Salvin’s albatrosses Thalassarche salvini is an abundant albatross species in New Zealand, breeding mainly on the Bounty Islands and the Western Chain of The Snares. The species roams widely in winter, moving eastwards across the South Pacific to the waters off the west coast of South America.
In September 2014 we completed an aerial survey of the Western Chain, The Snares, and photographed all albatross colonies we observed. Salvin’s albatross was breeding on two (Rima and Toru) of the five islets in the Western Chain archipelago. The photographs were used to compile photo-montages of each colony, and these images were used to count birds on each islet. Ground counts of nesting Salvin’s albatrosses were also undertaken on Toru Islet on the day that aerial photography was undertaken.
We estimated the total number of Salvin’s albatrosses ashore in the Western Chain in 17 September 2014 to be 2,307 (95% CI 2,211 — 2,403. Of these, 675 (CI 623 — 727) were on Rima Islet, and 1,632 (CI 1,551 — 1,713) were on Toru Islet. Ground counts at Toru Islet showed that of 171 birds ashore, 100 (58.5%) were incubating, 14 (8.2 %) were on empty nests, and 57 (33.3 %) were loafing. ‘Close up’ photographs taken using a large telephoto lens to assess the proportion of breeding and loafing birds were not useful for this purpose because we were unable to determine if most of the birds visible were clearly associated with a nest. Raw counts of birds ashore were adjusted to account for the presence of loafers. This provided an estimate of 1,486 (95% CI 1,409 — 1,563) annual breeding pairs in 2014/15, which was 32% higher than the ground counts undertaken on the same day of the aerial survey.
Aerial survey proved to be an effective method of rapidly assessing the population size of Salvin’s albatross in the Western Chain, The Snares. Despite the difference between the aerial and ground counts, it should not be assumed at this stage that one survey methodology is more accurate than the other, as there is potential for error using both methods.

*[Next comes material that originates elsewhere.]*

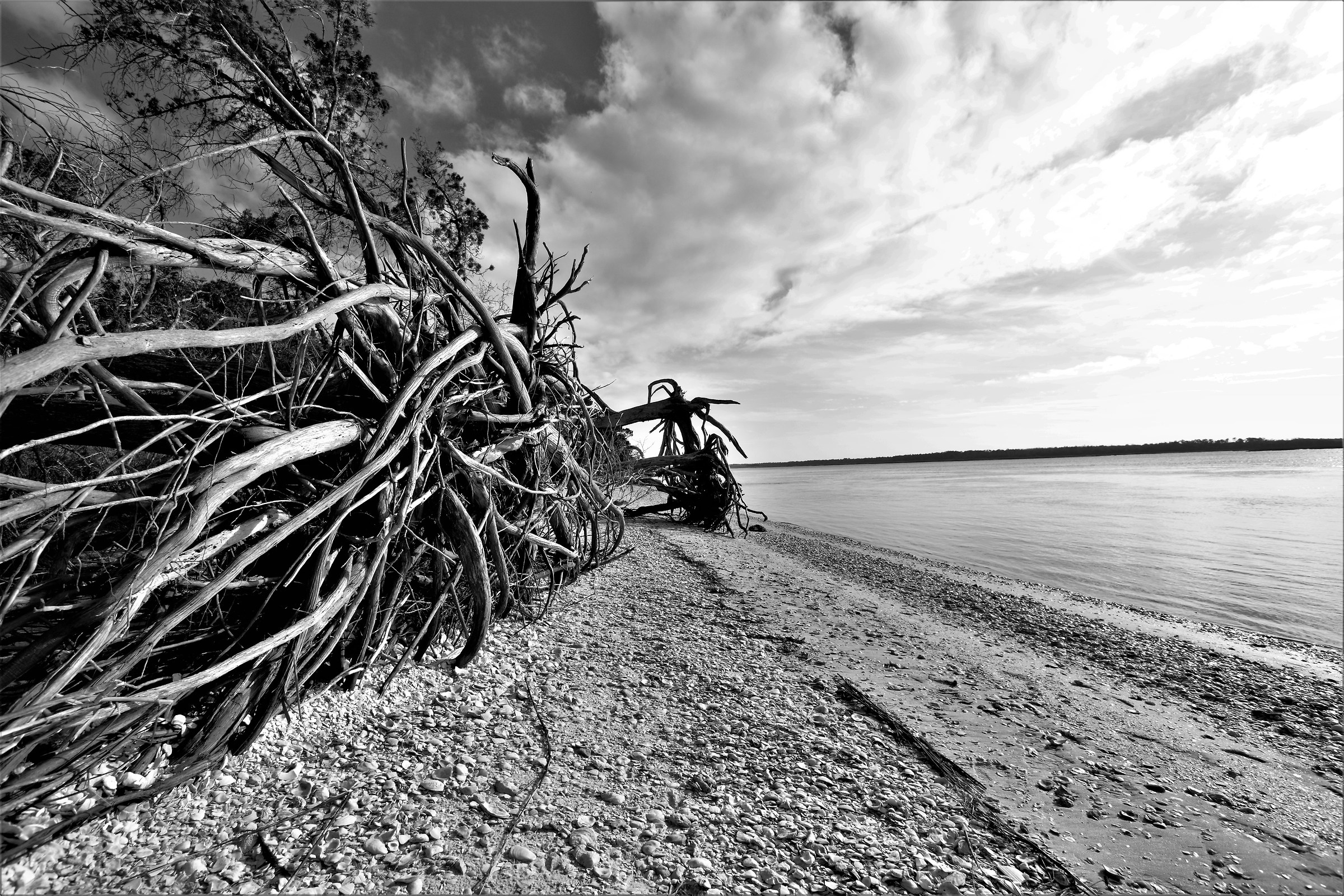 intercostal guana river Flrida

The use of close up aerial photographs has proven useful in correcting raw counts to estimate the number of annual nesting pairs at other albatross colonies, but their utility for this purpose at the Western Chain, would appear to be limited. Ground counts indicated the proportion of loafing birds in colonies (33.3%) was high, but consistent with that observed at the Bounty Islands (25.8%) in 2013. These values exceed those previously recorded for other Thalassarche albatrosses during the early to mid-incubation period, but may be normal for Salvin’s albatross because of the nature of their nesting sites where egg loss appears to be very high. The cause of many nest failures appeared to be a combination of the lack of substrate with which to construct a nest, and interference from birds attending the colony.
If population size (annual breeding pairs) is to be regularly estimated using aerial photography, it would appear more appropriate to use the correction factor derived by the 2014 ground count to adjust raw counts each year, noting that this correction factor will likely be dependent on the time of the breeding season that the count is undertaken. Further ground-truthing undertaken concurrently with aerial photography would be of use to refine the correction factor. Alternatively, aerial photography could be used to simply assess the number of birds ashore and use this as an index of abundance to assess population trend over time.